一瞬の判断の重要性2020年12月27日 08:12

一昨日NHK‐BSで、シスパーレ登攀での中島健郎氏の落下とその直前のスクリュー挿入が効いて、悲劇を救った様子がリピートされていた。
オツルミズ沢でも同様のことがあったことを思い出した。私の不首尾でカグラ滝上部で日が暮れ、狭い落ち口で2人ビバークすることになった。先輩は薄暗い中、もっと広い場所が無いかと5メートルほど左側の壁を登って行った。その時、一瞬、体に重いものを感じた。このままでは二人とも滝から落下する。たしか、右側に滝の落ち口の水たまりがあったはずだ。水は冷たいけれど右側にうっちゃれば二人とも助かるはずだ。ーこれだけの考えをこの瞬間にできなかったなら、二人とも今は生きていない。これは偶然だろうか。
その当時、私は中性子の散乱反応の勉強をしていた。高速の中性子が水の静止した水素と衝突し、散乱されるのだが、衝突が正面衝突であれば、水素は遠くに弾き飛ばされる。しかし、互いにかするような衝突であれば、エネルギは分散され、中性子も水素も遠くには弾かれない。これを無意識にあの一瞬思い出したのではないだろうか。脳の働きは謎だらけだが、無限の可能性を秘めているようだ。
先輩が落ちたのは、アプザイレンでハーケンが抜けたとのことであったがそこはシスパーレとは違っていた。

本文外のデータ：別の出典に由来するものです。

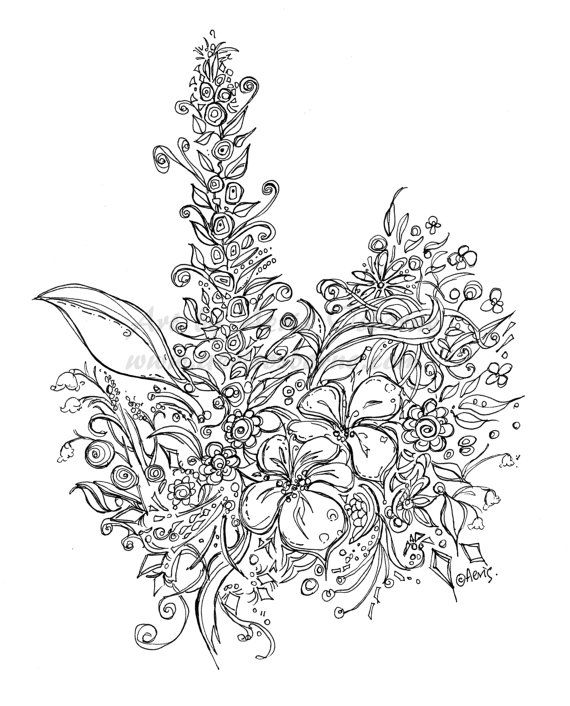 570x706 The Best Hawaii Flowers Drawing Ideas On Hawaiian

電磁波と放射線の人体影響2020年12月13日 04:47

電磁波が健康に悪いとか、放射線ががんを引き起こすとか言われている。近代物理学では物質は波と粒子の両方の特性を持っているらしいが、ここでは、光子に限って人体影響を考えてみる。生物が地球上に誕生したのは数十億年前らしいが、そのころから地球は自転していたはずだ。
一方、太陽は地球を照射し続けているので、生物も、その末裔である人間も昼と夜の生活を繰り返している。太陽からは強力な電磁波(一部は可視光線、一部は電離放射線)が地球に降り注いでいたし、今もc大気層による多少の遮へいができるようにはなったが、特に長波長の電磁波に対しては大気層の効果は小さい。しかし、夜間は地球自体が遮へい体となり、その強度は大きく低下する。長波長電磁波である紫外線、可視光線そして、いわゆる電磁波はいずれも夜には10桁以上低下しているであろう。

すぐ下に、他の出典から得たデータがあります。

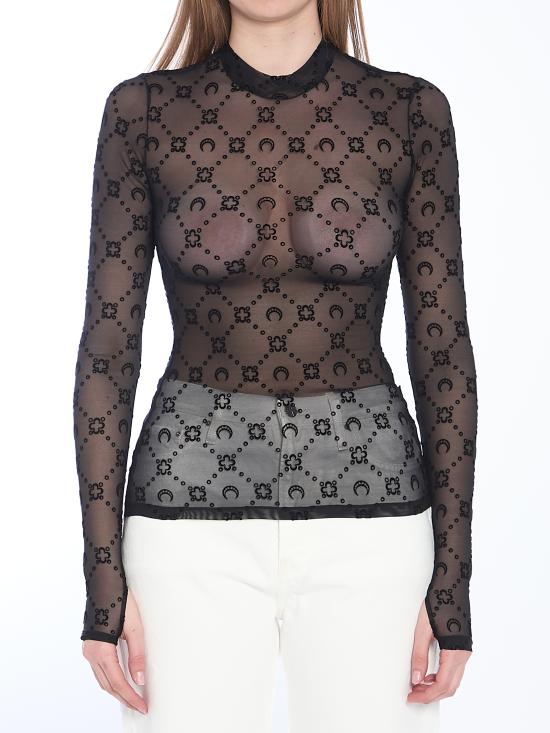 25FW 마린세르 반팔 티셔츠 WTO388AC BLACK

しかし、人間が電気を利用するようになってから、可視光線以下のいわゆる電磁波の強度は昼間だけではなく、夜間も相当程度強くなってしまった。最近はスマホもあり、このような人工電磁波が人体にどの程度影響するかは分からないが、少なくとも、故豊岡賢治医師が言われていたように電気製品を身の廻りから遠ざけて寝ると寝起きが良くなるのは実感できる。レーザ光線のような強力な可視光線やイージス艦のような強力な電磁波の有害性は明らかであろうが、電気製品関係の電磁波の有害性議論では、生体対する昼夜影響問題も取り入れるべきであろう。生命が誕生してから、ずっと夜間は長波長電磁波の殆どない環境で生きてきたのだから。


なお、短波長電磁波、即ち、ガンマ線やX線などの電離放射線はどうだろうか。現時点では宇宙線でも地中からの放射線も昼夜の差はないように思えるが。